Thomas Lynch is a poet by inclination and an undertaker by profession. This warm and witty memoir brings to life (!) the secret world of those in "the dismal trade." Lynch paints himself as something of a tradesman, neither rich nor poor, but carrying on the needed business of extracting the dead from our lives in the kindest, most expeditious way possible. His stories are heart-warming and hilarious. There's the local woman upset, after a bridge collapses, that her funeral cortege would have to ride through downtown and enter the cemetery's back gate. There's the constant terror of his funeral director father, who saw his own young progeny in the faces of the young people he embalmed. There's the new craze in turning golf courses into cemeteries, with the possibility of having your remains blasted out of the sand trap. There's Lynch's consideration of "cremorialization," the practice of mixing your remains with glass or ceramic. making of the dead a semi-permanent knick-kick.
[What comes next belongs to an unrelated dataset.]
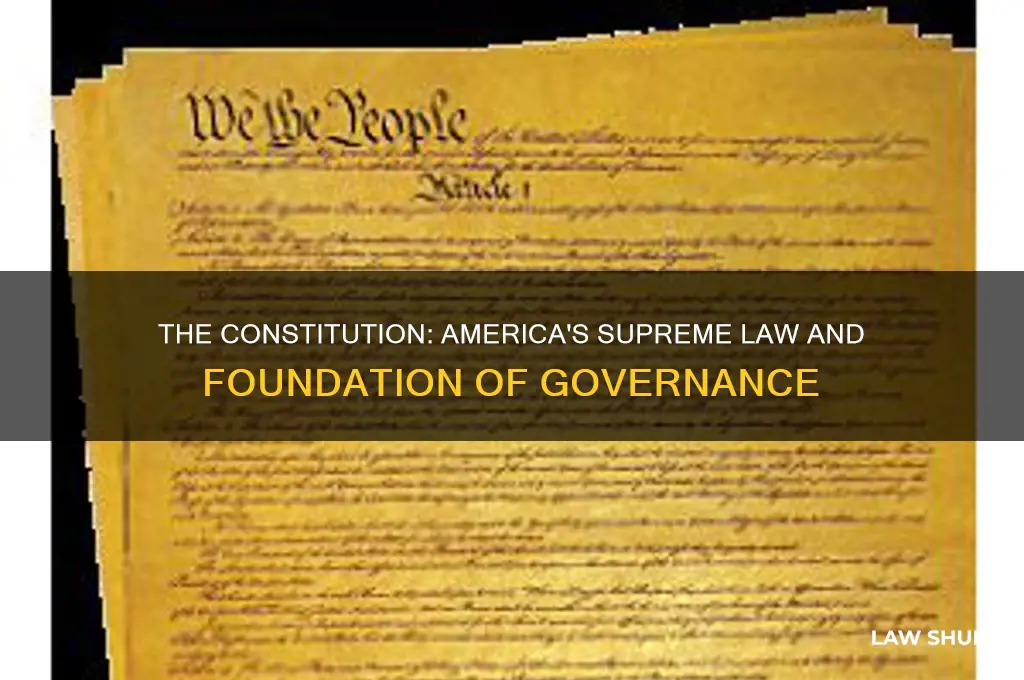 what document is considered the supreme law of the land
Often though, Lynch depicts the difficult side of the death business: cleaning up after gunshot suicides; piecing together the battered faces of murder victims; making bloody home inhabitable again. There's more to the mortuary biz than racking in the cash. And Lynch has few complementary words to say about Jessica Mitford, she of naysaying "The American Way of Death." And of Jack Kevorkian, a local Michigan "character" at the time the book was written, Lynch has barely-concealed loathing. Not because he was bad for business, but because of the path on which Dr. Jack's cavalier treatment of death and illness put us, in this age of convenience and distaste for suffering.
Mostly, though, Lynch waxes poetic about life and death -- aside from sex, the poets' (especially the Irish poets') favorite topics. He has a soft heart, bought at high price from years experiencing the tears and traumas of the grieving. He is not embarrassed to say that, while an expensive funeral is no substitute for years of neglect, many people feel, as he does, that it is sometimes a necessary way to move the living past death into new life.
Lynch's "The Undertaking" shows a human sufferer in humble service to the suffering. A wise, warm and precious book.